Ross (Seabiscuit, Pleasantville)  imprime ao roteiro um ritmo perfeito, abrindo espaços para o contexto do medonho mundo de Panem, com pequenos mas importantes detalhes adicionais como (SPOILER !) uma sequência de insurreição filmada, em segunda unidade, por seu amigo Steve Soderbergh. É um modo de  deixar claros, com este e outros detalhes, os elementos que levarão a história mais adiante.

Os 80 milhões de dólares do orçamento parecem muito comparados com filmes independentes, mas na verdade são um custo modesto para uma produção com esta amplitude. E olhos espertos poderão notar que, embora a direção de arte seja impecável, informada tanto pelos Estados Unidos da Grande Depressão dos anos 1930 quanto pela França totalitária e dividida de Luis XVI e Maria Antonieta, os efeitos digitais flertam com o desapontamento. Talvez por isso não fiquem muito tempo na tela _ porque um pouco mais de tempo e eles não segurariam o impacto.

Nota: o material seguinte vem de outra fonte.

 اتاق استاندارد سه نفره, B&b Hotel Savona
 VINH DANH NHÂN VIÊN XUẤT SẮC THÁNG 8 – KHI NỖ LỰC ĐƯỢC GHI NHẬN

Como no texto de Collins, a violência de Jogos Vorazes nunca é gratuita ou sem consequências. A simples existência da violência na história é um comentário sobre seu uso perverso como instrumento de opressão. Ao sadismo de uma sociedade entusiasmada pelo espetáculo de jovens se matando o filme, como o livro, propõe a dignidade da caçadora Katniss, que sabe o valor da vida porque, diariamente, precisa decidir sobre ela _ matar o animal na floresta ou permitir que sua familia morra de fome?

Ross abrandou a violência em Jogos Vorazes, colocando alguns momentos mais sangrentos fora da câmera e detendo-se o mais breve e delicadamente possível sobre algumas mortes essenciais. Violência não é diversão, seu filme diz. Violência tem um custo e um peso.

Onde tenho mais respeito e admiração pelo trabalho de Ross é por isso, por sua integridade em manter o compromisso do livro com  temas complicados e espinhosos: o poder do indivíduo e da consciência, a violência institucionalizada como método de controle, o interminável sacrifício da juventude no altar do jogo de poder.

São ideias que se encontram também nas obras que citei lá em cima, mas a oportunidade e a precisão com que elas foram expressas por Collins em seus livros explica porque eles se tornaram um sucesso tão imenso _ porque num mundo em que adolescentes são exterminados diariamente em guerras, atentados, tiroteios, na miséria, no abandono, recrutados como bombas humanas, aviões do narcotráfico, vítimas de guerras civis, enfiados em escolas sem professores, familias fraturadas, cidades doentes, a história de Katniss e seus companheiros de mortandade de Jogos Vorazes faz muito sentido, real e imediato.